[SUPPLIED DATA Boundary: Start]

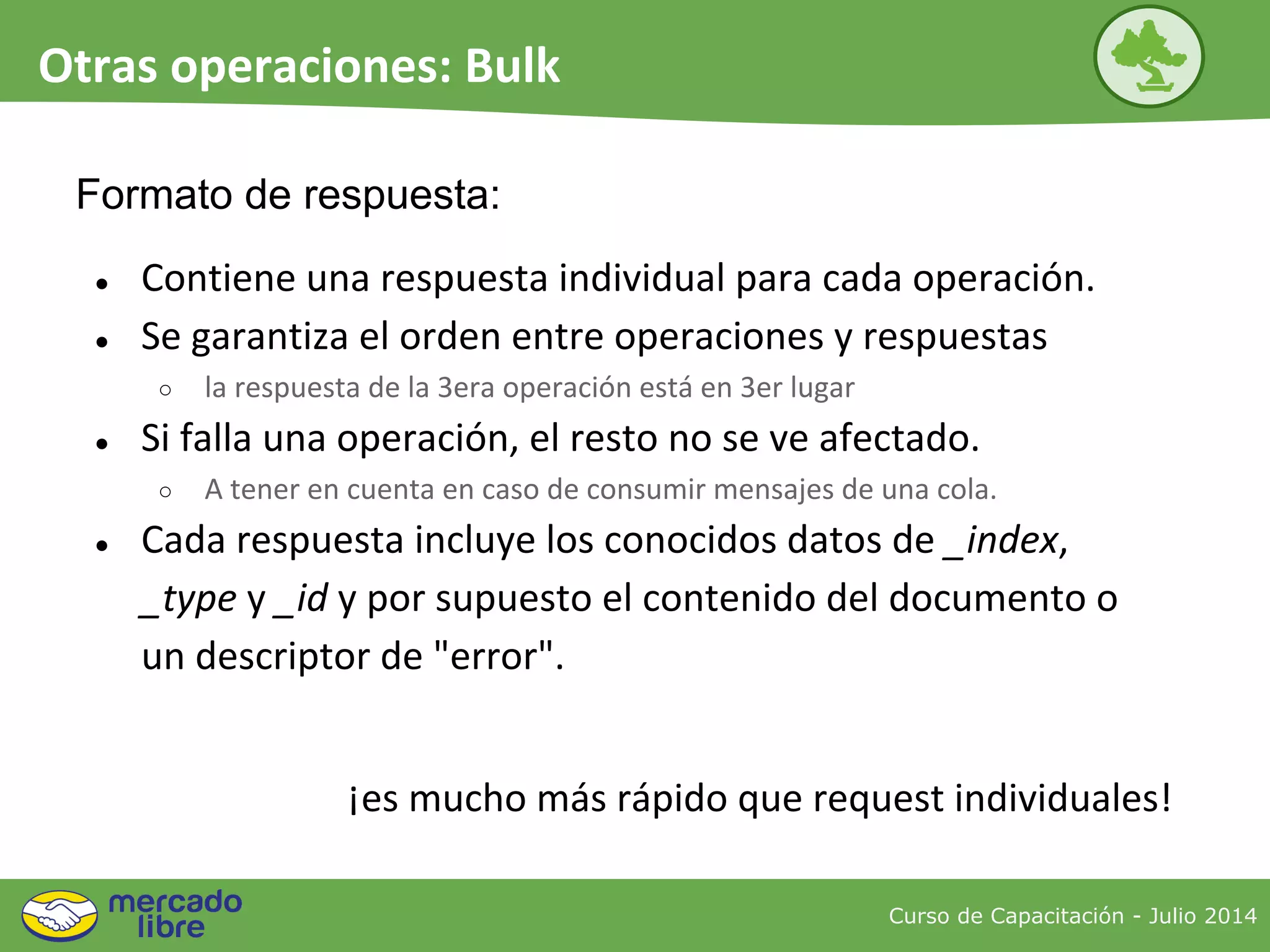● Contiene una respuesta individual para cada operación.
● Se garantiza el orden entre operaciones y respuestas
○ la respuesta de la 3era operación está en 3er lugar
● Si falla una operación, el resto no se ve afectado.
○ A tener en cuenta en caso de consumir mensajes de una cola.
● Cada respuesta incluye los conocidos datos de _index,
_type y _id y por supuesto el contenido del documento o
un descriptor de "error".
Formato de respuesta:
¡es mucho más rápido que request individuales!
Curso de Capacitación - Julio 2014
Otras operaciones: Bulk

[SUPPLIED DATA Boundary: End]

### [DESCRIPTION OF THE TASK]
Only the number is wanted: how many lines above include the word "operaciones"?

### [OUTPUT FOR THIS EXERCISE]
2